Benih sebagai Hak Asasi
Benih bukan sekadar komoditas, tetapi hak asasi manusia. Hak atas benih terkait erat dengan hak atas pangan. Jika benih dikuasai korporasi, maka pangan pun dikuasai. FAO menekankan, kedaulatan pangan hanya bisa terwujud jika petani berhak menyimpan, menukar, dan menanam benih sendiri. Sayangnya, kebijakan internasional sering kali lebih berpihak pada paten korporasi ketimbang hak rakyat.
Perlawanan Global
Di seluruh dunia, gerakan perlawanan terhadap dominasi Monsanto terus menguat. Dari India dengan Navdanya oleh Vandana Shiva, hingga La Via Campesina, semua menekankan: benih adalah milik rakyat. Di Indonesia, banyak komunitas petani mulai menghidupkan kembali bank benih lokal. Mereka menyimpan, memperbanyak, dan menukar benih tanpa bergantung pada pasar. Inisiatif ini menjadi benteng melawan monopoli benih korporasi.
Indonesia dan Pertaruhan Benih Lokal
Indonesia kaya dengan ribuan varietas padi, jagung, kacang, sayur, hingga umbi-umbian. Namun banyak yang terancam hilang karena dominasi benih hibrida dan GMO impor. Pemerintah cenderung mendukung perusahaan besar dengan alasan 'produktivitas.' Padahal, keberlanjutan pangan justru bertumpu pada keanekaragaman benih lokal. Jika tren ini dibiarkan, Indonesia bisa kehilangan kedaulatan benih dan kedaulatan pangan.

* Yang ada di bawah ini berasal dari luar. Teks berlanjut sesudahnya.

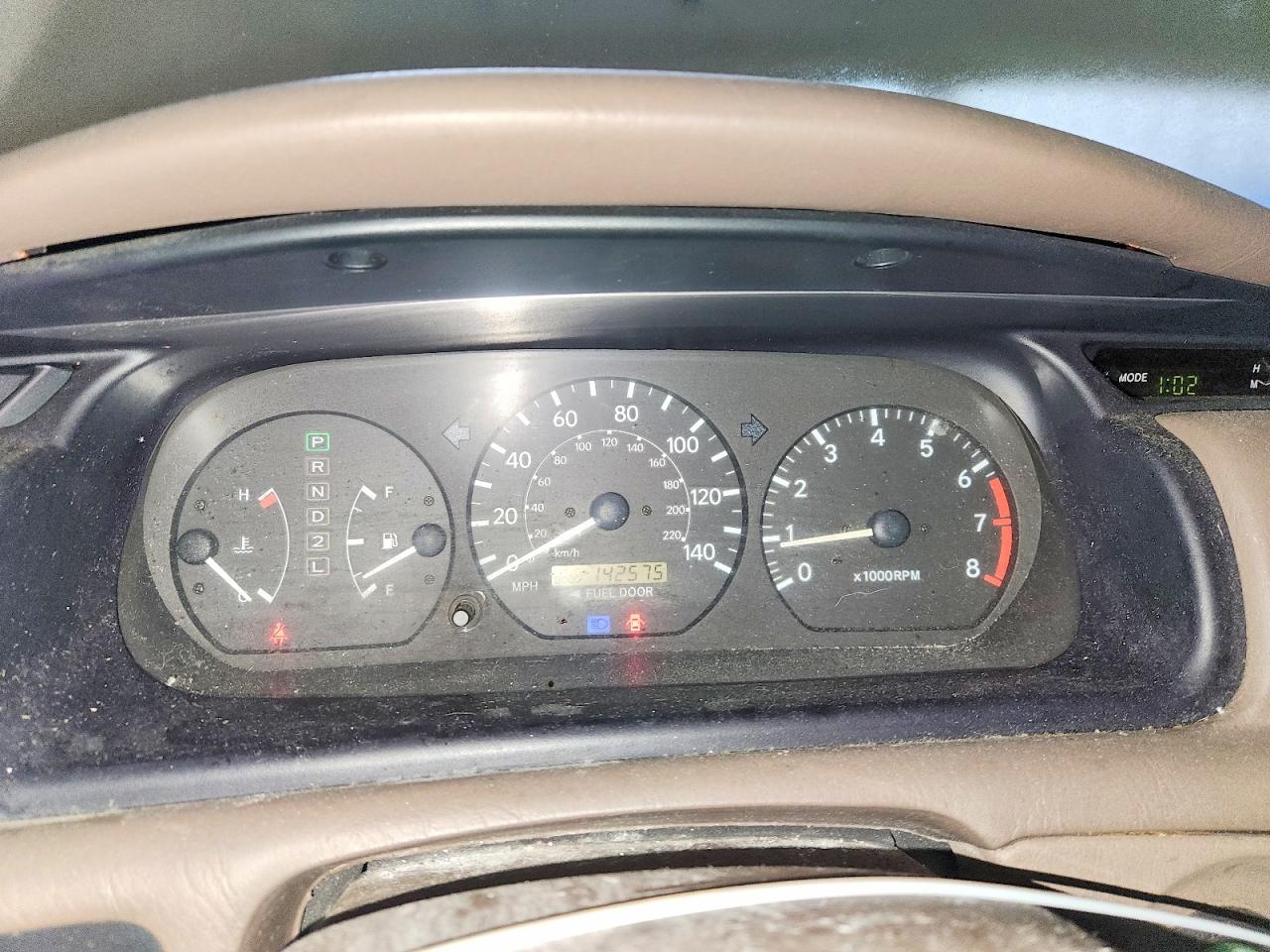 2000 Toyota Camry Le V6 Gold vin: 4T1BF22K5YU950159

Kebebasan petani untuk menanam adalah fondasi kedaulatan pangan. Strategi Monsanto dan korporasi sejenis adalah ancaman nyata terhadap masa depan pertanian rakyat. Maka, perjuangan melawan monopoli benih bukan sekadar isu teknis pertanian, melainkan perjuangan politik, sosial, dan budaya. Kita harus memastikan benih tetap berada di tangan petani, bukan di bawah kendali paten perusahaan.
Seperti kata Vandana Shiva: 'Benih adalah kehidupan. Menyerahkan benih pada perusahaan berarti menyerahkan kehidupan kita.'
Catatan Kaki & Referensi
1. Video: FARMERS ARE NOT FREE TO PLANT! — Monsanto's Strategy to Control the World's Seeds (YouTube).
2. PANAP (2022). Improved Social Protection and Labour Rights for Women Farmers, Agricultural Workers and Indigenous People.
3. Vandana Shiva (2016). Who Really Feeds the World? The Failures of Agribusiness and the Promise of Agroecology.
4. La Via Campesina (2020). Declaration on Seed Sovereignty.
5. FAO (2019). Farmers' Rights and Agricultural Biodiversity.